I let her stop me having fun and I take responsibility for that but believe that over the past 5 years I have built up such a resentment for her that I am now just repulsed by her. I don't like it when she touches me (holds my hand etc) and I do whatever I can to avoid being around her.

A couple of months ago I had a 'come to Jesus' moment and realized how I was feeling and what the probable cause was. I told her that I was thinking of leaving and wasn't sure my heart was in the relationship anymore and she freaked out.

She has subsequently apologized for everything she did to contribute to the way I'm feeling today but I still feel this resent and complete repulsion towards her. 

We very rarely have sex and she has often accused me of not pursuing her - which is very true. I don't pursue her because I don't find her sexually attractive.

About 3 months ago I met another woman at work and have started having an affair with her. She is just everything that wife is not and I'm so attracted to her. I see a life of happiness and passion with her rather than the life of lack of passion and dreariness with Wife. 

I have had multiple affairs over the 14 years of marriage probably because I am very unsatisfied in the passion department. 

The more I write, the more it seems to become clear to me - I should probably leave wife - irrespective of situation with girlfriend. I'm not a faithful husband and will probably never be with her - I am just not fulfilled. 

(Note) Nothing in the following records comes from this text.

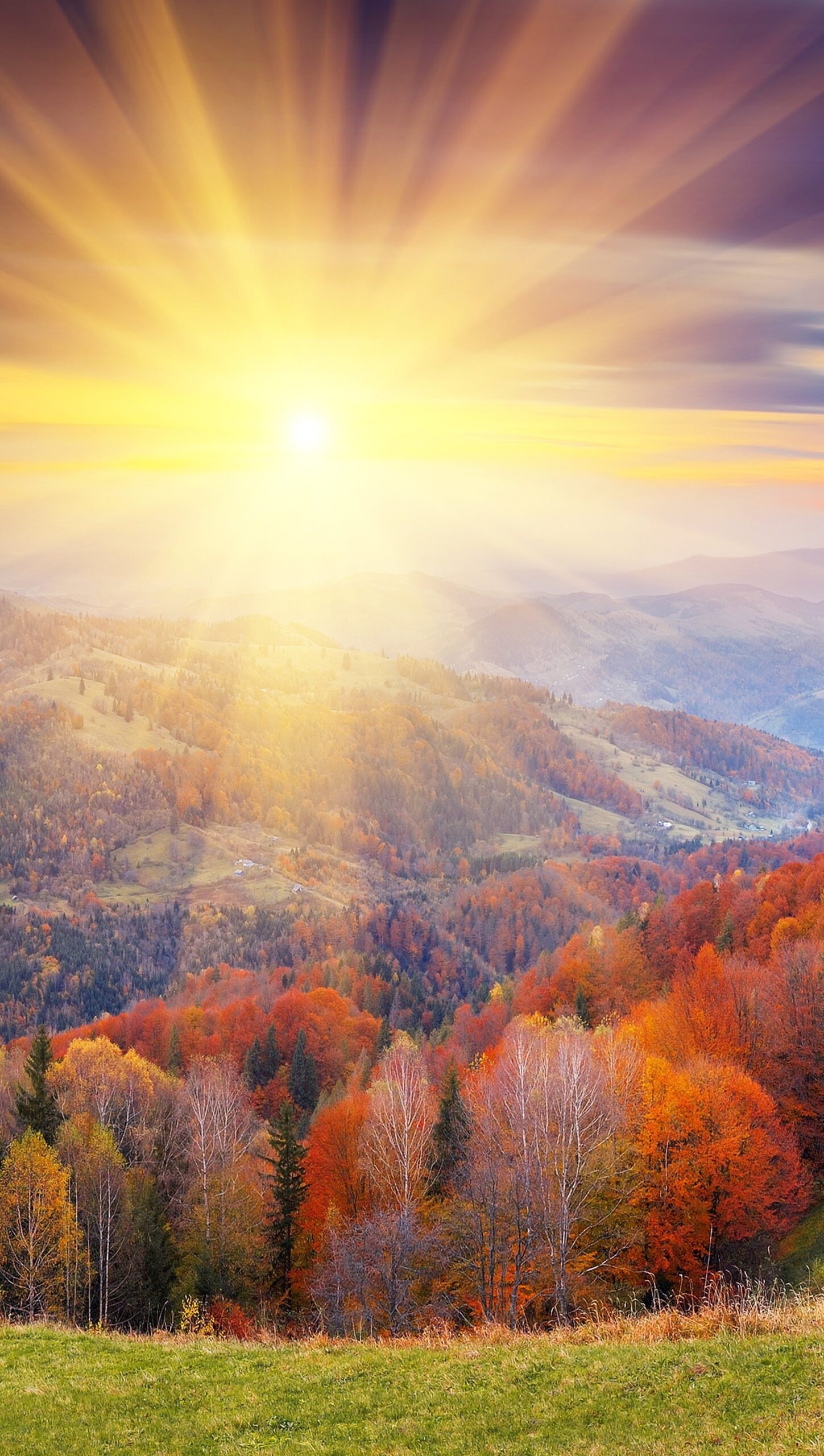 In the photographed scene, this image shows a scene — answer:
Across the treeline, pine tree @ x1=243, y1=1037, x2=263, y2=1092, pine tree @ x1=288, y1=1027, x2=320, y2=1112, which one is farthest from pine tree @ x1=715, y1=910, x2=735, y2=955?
pine tree @ x1=243, y1=1037, x2=263, y2=1092

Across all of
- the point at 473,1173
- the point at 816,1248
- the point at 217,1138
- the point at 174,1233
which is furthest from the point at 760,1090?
the point at 174,1233

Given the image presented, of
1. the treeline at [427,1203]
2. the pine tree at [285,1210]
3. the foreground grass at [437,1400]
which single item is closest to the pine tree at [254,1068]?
the treeline at [427,1203]

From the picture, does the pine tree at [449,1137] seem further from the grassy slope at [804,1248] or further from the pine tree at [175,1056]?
the pine tree at [175,1056]

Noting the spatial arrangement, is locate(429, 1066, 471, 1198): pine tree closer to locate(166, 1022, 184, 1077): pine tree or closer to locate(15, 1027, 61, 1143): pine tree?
locate(15, 1027, 61, 1143): pine tree

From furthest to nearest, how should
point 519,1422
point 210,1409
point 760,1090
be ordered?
point 760,1090 → point 210,1409 → point 519,1422

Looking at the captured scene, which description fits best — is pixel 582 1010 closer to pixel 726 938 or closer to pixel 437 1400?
pixel 726 938

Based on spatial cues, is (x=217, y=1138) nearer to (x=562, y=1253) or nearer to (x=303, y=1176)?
(x=303, y=1176) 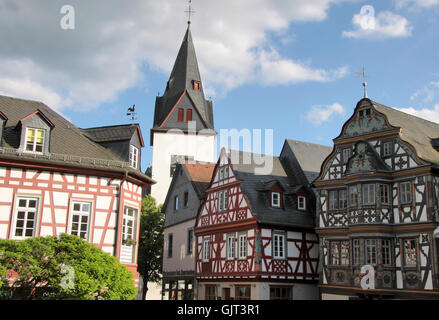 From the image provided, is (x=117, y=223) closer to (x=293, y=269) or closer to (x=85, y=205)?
(x=85, y=205)

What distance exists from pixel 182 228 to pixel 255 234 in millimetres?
9021

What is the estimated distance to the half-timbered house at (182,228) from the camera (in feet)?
111

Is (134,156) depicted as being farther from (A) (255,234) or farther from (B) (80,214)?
(A) (255,234)

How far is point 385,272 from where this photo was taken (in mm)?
24172

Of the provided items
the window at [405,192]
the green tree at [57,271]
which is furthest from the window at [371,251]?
the green tree at [57,271]

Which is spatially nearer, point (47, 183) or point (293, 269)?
point (47, 183)

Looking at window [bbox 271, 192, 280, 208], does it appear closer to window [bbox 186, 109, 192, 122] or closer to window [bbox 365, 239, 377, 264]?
window [bbox 365, 239, 377, 264]

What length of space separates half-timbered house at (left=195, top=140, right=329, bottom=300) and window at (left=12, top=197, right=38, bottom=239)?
12.7 meters

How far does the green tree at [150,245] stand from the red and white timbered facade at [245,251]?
28.8 feet

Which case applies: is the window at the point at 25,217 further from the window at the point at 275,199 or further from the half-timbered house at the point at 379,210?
the half-timbered house at the point at 379,210

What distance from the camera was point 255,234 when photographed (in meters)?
28.0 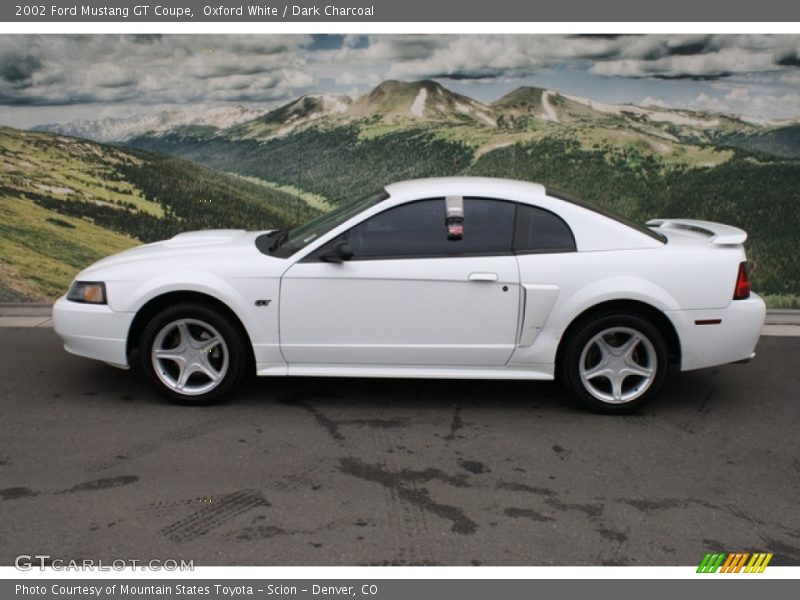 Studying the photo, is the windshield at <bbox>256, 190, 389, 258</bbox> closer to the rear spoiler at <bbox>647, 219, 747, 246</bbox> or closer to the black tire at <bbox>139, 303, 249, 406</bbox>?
the black tire at <bbox>139, 303, 249, 406</bbox>

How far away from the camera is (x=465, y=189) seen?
573cm

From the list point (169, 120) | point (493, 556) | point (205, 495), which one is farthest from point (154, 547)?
point (169, 120)

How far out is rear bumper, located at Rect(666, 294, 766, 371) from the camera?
555cm

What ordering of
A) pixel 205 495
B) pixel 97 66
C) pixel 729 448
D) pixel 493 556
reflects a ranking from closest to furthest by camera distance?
1. pixel 493 556
2. pixel 205 495
3. pixel 729 448
4. pixel 97 66

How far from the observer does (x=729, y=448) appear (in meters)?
5.23

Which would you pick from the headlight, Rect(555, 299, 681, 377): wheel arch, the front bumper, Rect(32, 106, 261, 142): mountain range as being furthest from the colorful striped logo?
Rect(32, 106, 261, 142): mountain range

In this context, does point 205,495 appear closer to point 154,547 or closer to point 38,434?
point 154,547

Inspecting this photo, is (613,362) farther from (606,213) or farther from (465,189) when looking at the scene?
(465,189)

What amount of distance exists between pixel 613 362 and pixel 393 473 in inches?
69.5

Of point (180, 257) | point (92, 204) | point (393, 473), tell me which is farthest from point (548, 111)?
point (393, 473)

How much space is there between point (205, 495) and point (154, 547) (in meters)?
0.54

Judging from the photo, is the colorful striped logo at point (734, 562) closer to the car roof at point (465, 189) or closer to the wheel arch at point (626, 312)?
the wheel arch at point (626, 312)

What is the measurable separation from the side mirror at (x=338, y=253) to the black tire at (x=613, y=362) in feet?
4.98

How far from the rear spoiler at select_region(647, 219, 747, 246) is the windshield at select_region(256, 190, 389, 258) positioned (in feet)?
7.24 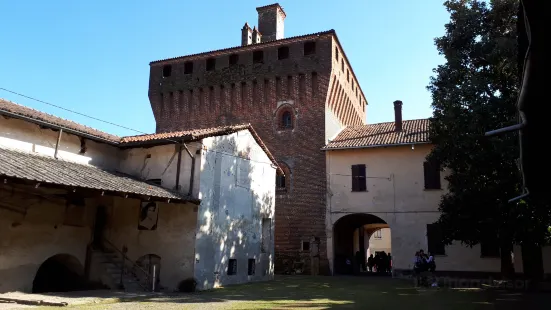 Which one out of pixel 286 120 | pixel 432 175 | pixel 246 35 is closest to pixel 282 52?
pixel 286 120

Would love to hear anyone's thoughts on my situation. Also, would be interested in how to have the tough conversation with Wife about leaving. She has no knowledge of any of my past indiscretions - should I just leave it that way and leave because I'm not emotionally engaged anymore? Or should I confess to the past indiscretions?


----------



## Advocado

I feel that you already have all the answers form your "can't stay faithfull" thread and you do know that it's now time to own up to your wife about the multiple affairs so that she can get tested/protect her future health and plan for the future. If you just say you are not "emotionally engaged" with her, she won't get tested. 

I am at a loss to know why you now describe her as repulsive and trust it is not just an excuse on your part to explain away your dishonesty/unfaithfullness. In any event, it’s highly likely she isn’t happy in the relationship either and so by putting things off you are prolonging the agony for both of you. 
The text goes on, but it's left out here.